Filed Pursuant to Rule 424(b)(5)
Registration No. 333-269190
PROSPECTUS SUPPLEMENT
(To Prospectus dated January 11, 2023)
$150,000,000
Common Stock
We have entered into a sales
agreement with BTIG, LLC, J.P. Morgan Securities LLC and Wells Fargo Securities LLC, each a sales agent and together the sales agents, relating to the shares of our common stock offered by this prospectus supplement and the accompanying prospectus.
In accordance with the terms of the sales agreement, we may offer and sell shares of our common stock having an aggregate offering price of up to $150,000,000 from time to time through the sales agents.
Sales of the shares of our common stock, if any, under this prospectus supplement and the accompanying prospectus may be made by any method permitted by law
deemed to be an at-the-market offering as defined in Rule 415 under the Securities Act of 1933, as amended, or the Securities Act, including, without
limitation, sales made directly on the New York Stock Exchange, or the NYSE, on any other existing trading market for our common stock, in block trades or to or through a market maker or through an electronic communications network.
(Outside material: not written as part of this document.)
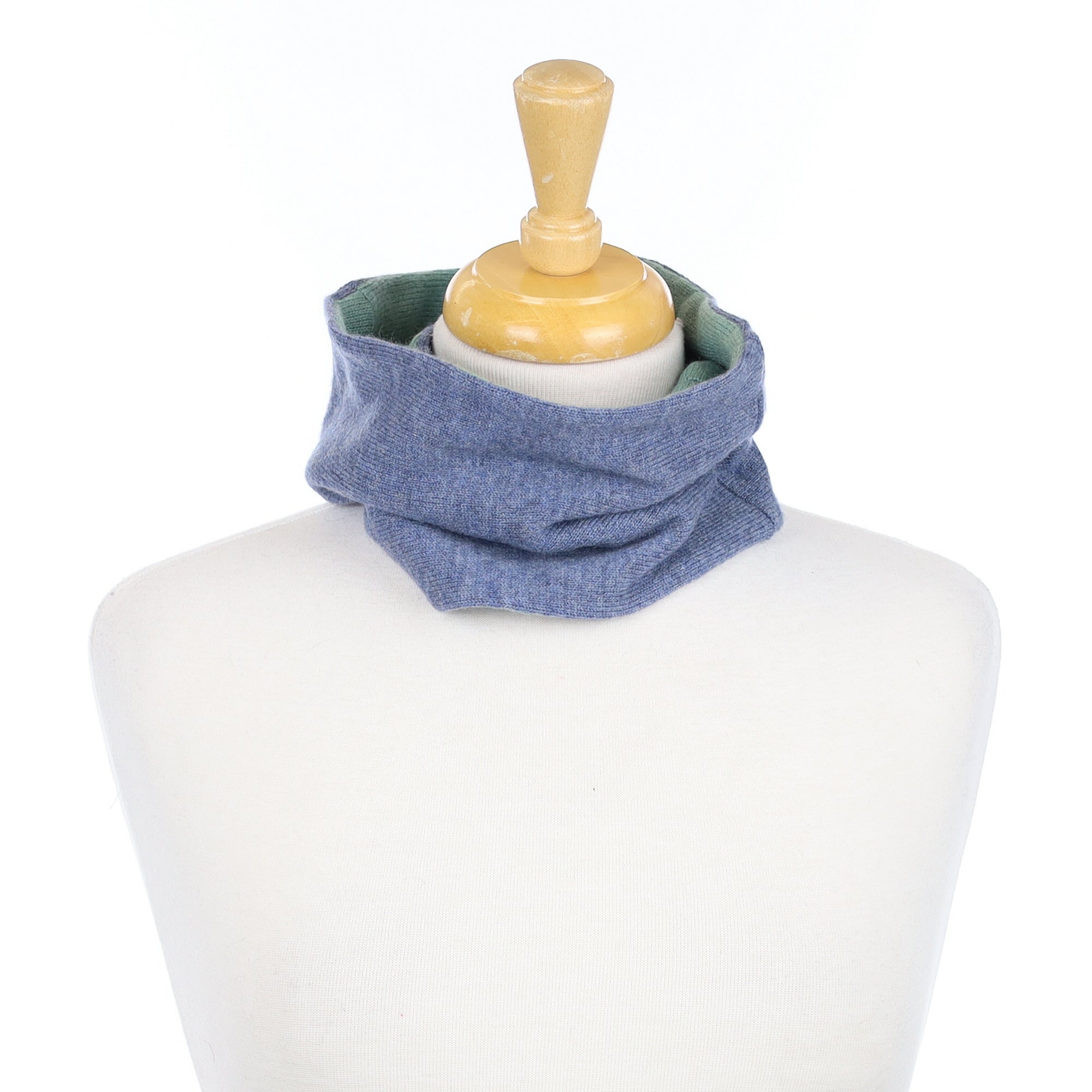 Denim and Soft Green Neck Warmer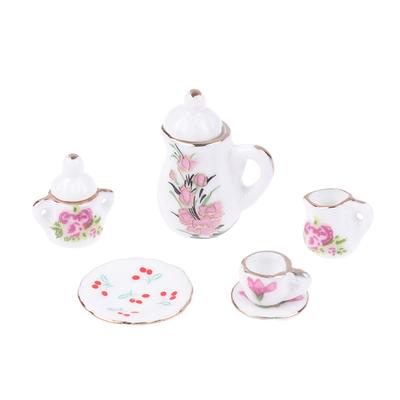 1Set 1:12 puppenhaus Miniatur Keramik Tee-Set Tasse Wasserkocher Tablett Blume Geschirr Küche Decor Spielzeug Puppe Haus Zubehör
The sales agents
are not required, individually or collectively, to sell any specific number or dollar amount of shares of common stock, but upon acceptance of a placement notice from us and subject to the terms and conditions of the sales agreement, each sales
agent, if acting as agent, will use commercially reasonable efforts consistent with its normal trading and sales practices to sell shares of our common stock on the terms set forth in such placement notice.
Total compensation payable to each sales agent for its services acting as an agent, principal and/or advisor, as applicable, will not exceed, but may be lower
than, 2.0% of the gross sales price of all shares of our common stock sold from time to time under the sales agreement. In connection with the sale of shares of common stock on our behalf, the sales agents may be deemed to be
underwriters within the meaning of the Securities Act, and the compensation paid to the sales agents may be deemed to be underwriting commissions or discounts.
We may also sell some or all of the shares of common stock to a sales agent as principal for its own account at a price agreed upon at the time of sale.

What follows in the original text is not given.